L’autrice fait du lecteur un membre à part entière de cette famille, grâce à son écriture faite d’odeurs, de sons, de couleurs et de détails. Alia joue au foot et son père l’initie à la boxe. A l’école, les autres filles sont coquettes. Alia ne cadre pas avec tous les codes. Mais elle grandit, et sa famille se transforme. En plus des difficultés du foyer, Alia prend conscience de son identité de congolaise en Belgique. Une noire parmi les blancs et les autres, d’origine grecque, italienne, turque et marocaine. Une parmi la multitude, et des moments de complicité avec certains, la haine avec d’autres. Le monde autour n’est pas plus serein, l’inquiétude domine, il faut trouver du travail et les crimes des tueurs du Brabant occupent la Une. D’autres fait divers s’insèrent dans le récit : des étrangers sont torturés par un mystérieux groupe violent. Le lecteur chemine dans cet univers à mesure que les années passent pour Alia devenue adulte. Elle, la somme de tout ce passé et de ce milieu.

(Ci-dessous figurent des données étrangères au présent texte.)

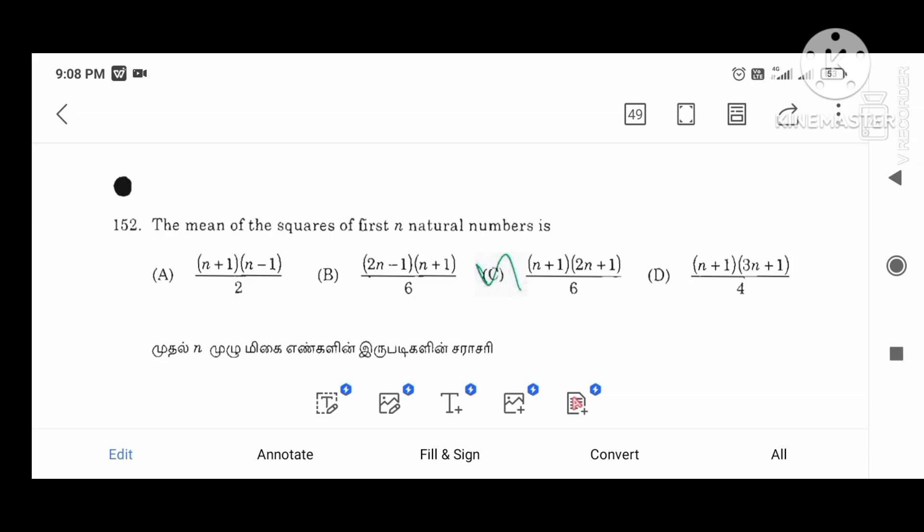Hi viewers, in this video you need 10 Korea preparation. Questions from all of them. First question:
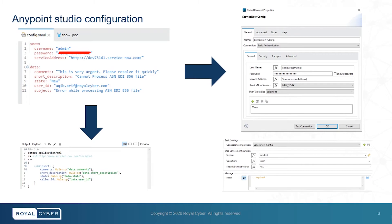We have some configuration properties in YAML file. And on the other end, we've got the ServiceNow component configuration as well as global elements configuration.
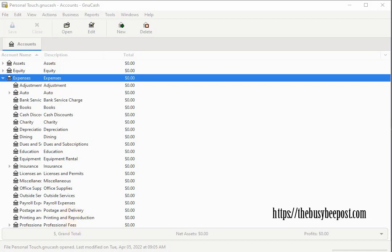GnuCash refers to it as the account tree. In accounting terms it is known as the chart of accounts and it is what is used to classify financial transactions.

Furie est un roman très touchant sur la colère d’une femme, et la violence d’une société. Avec subtilité, il mêle l’intimité d’une famille au contexte politique d’un pays. Ce qui est valable pour la Belgique, l’étant pour bien d’autres pays… Grazyna Plebanek a publié six romans mais celui-ci lui vaut d’être traduite pour la première fois en France, espérons que ce ne soit pas la dernière.
Caroline de Benedetti
Grazyna Plebanek, Furie, 2019, Emmanuelle Collas, traduit du polonais par Cécile Bocianowski, 434 p., 21 euros.